Edit: One other remark, String.trim will remove all whitespace from the beginning and end of your string to turn " 2.0332" into "2.0332":
String input = " 2.0332 ";
input = input.trim(); // "2.0332"
Edit 2: With your update, I see the problem now. Scanner.nextFloat is what's breaking on the space. If you change your code to use Scanner.nextLine like so:
while (i <= 0) {
String input = in.nextLine();
input = input.replaceAll("[^\\d.]", "");
float i = Float.parseFloat(input);
if (i <= 0.0f) {
System.out.println("Please enter a number greater than 0.");
}
System.out.println(i);
}
That code will properly accept you entering things like "123,232 . 03 445". Use any of the solutions in place of my replaceAll and it will work.
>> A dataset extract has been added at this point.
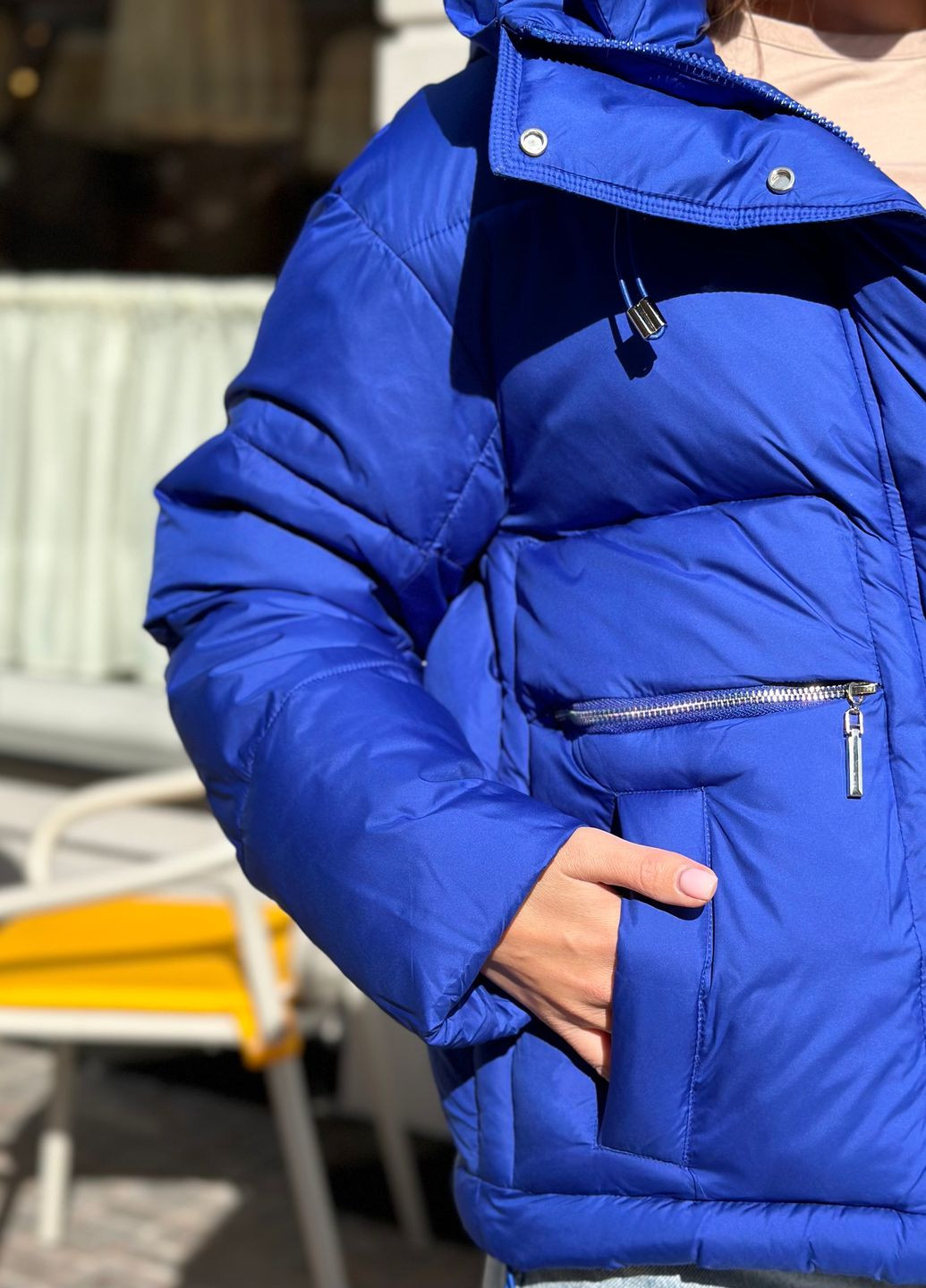 Светло-синяя зимняя женская зимняя короткая куртка электрик 51382 Visdeer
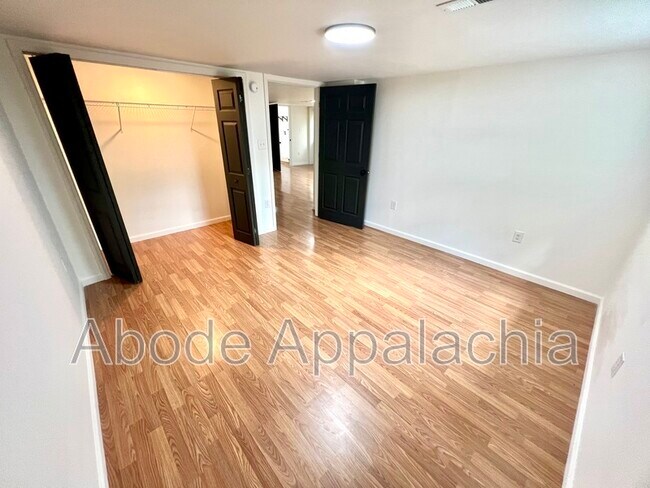 Building Photo - 1233 Collins Hwy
Scanner.nextFloat will split your input automatically based on whitespace. Scanner can take a delimiter when you construct it (for example, new Scanner(System.in, ",./ ") will delimit on ,, ., /, and )" The default constructor, new Scanner(System.in), automatically delimits based on whitespace.
I guess you're using the first argument from you main method. If you main method looks somehow like this:
public static void main(String[] args){
System.out.println(deleteSpaces(args[0]);
}
Your problem is, that spaces separate the arguments that get handed to your main method. So running you class like this:
java MyNumberConverter 22.2 33
The first argument arg[0] is "22.2" and the second arg[1] "33"
But like other have suggested, String.replace is a better way of doing this anyway.